“Never mind about me,” he said. “I can tell you my experiences later, after the fire is conquered. Looks as if we were pretty badly needed over there.”
It needed only one hasty glance over their shoulders to assure them that he was right. The fire, with the impetus of the wind behind it, was sweeping onward with renewed vigor. Once more the lodge and all the buildings along the lake front were menaced.
Led by Darry, the young folks returned once more to the fight. They longed to ask him questions and have them answered, but during that next strenuous hour there was time for nothing but concerted desperate effort to fight off the encroaching flames.
Where the fire had crept forward steadily, but slowly, before, it now leaped ahead, seeming to mock at the puny efforts of the men who sought to defeat it.

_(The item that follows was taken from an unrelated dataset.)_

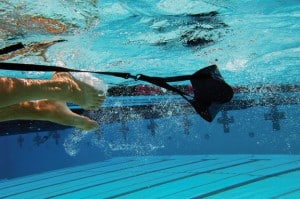 Nuoto FINIS paracadute Swimmershop allenamento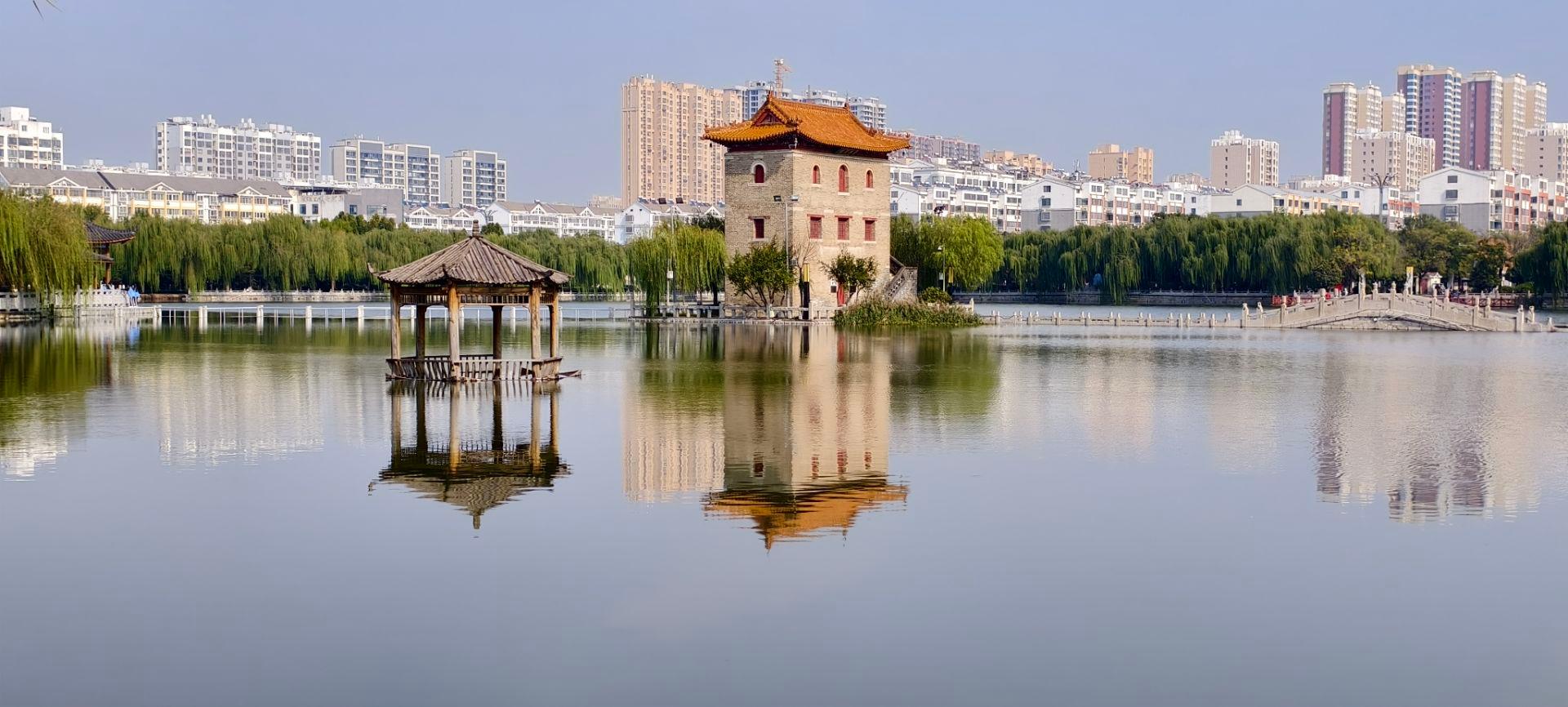 “跟着楹联游济宁 ”第十五站活动走进金乡奎星湖公园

It ran up into branches of trees over their heads, reached scorching fingers across the trenches dug to stay its advance, crackled gleefully in the dry and brittle underbrush.
Once Jessie felt a touch on her arm and looked up to see Darry standing beside her.
“Better get back to the lodge,” he said. “It won’t be long before we’ll have to take to the water.”
“Things are all packed and ready to put into the boats,” she told him gaspingly. “Don’t want to go back—till we have to, Darry.”
“Good sports, you girls,” muttered Darry, and reached for the pick with which he had been helping dig a new trench.
It was all of no use. The girls realized that even before Miss Alling gave definite orders to return to the lodge. The fire was gaining so rapidly that it was only a matter of a short time before they would be forced to abandon the lodge.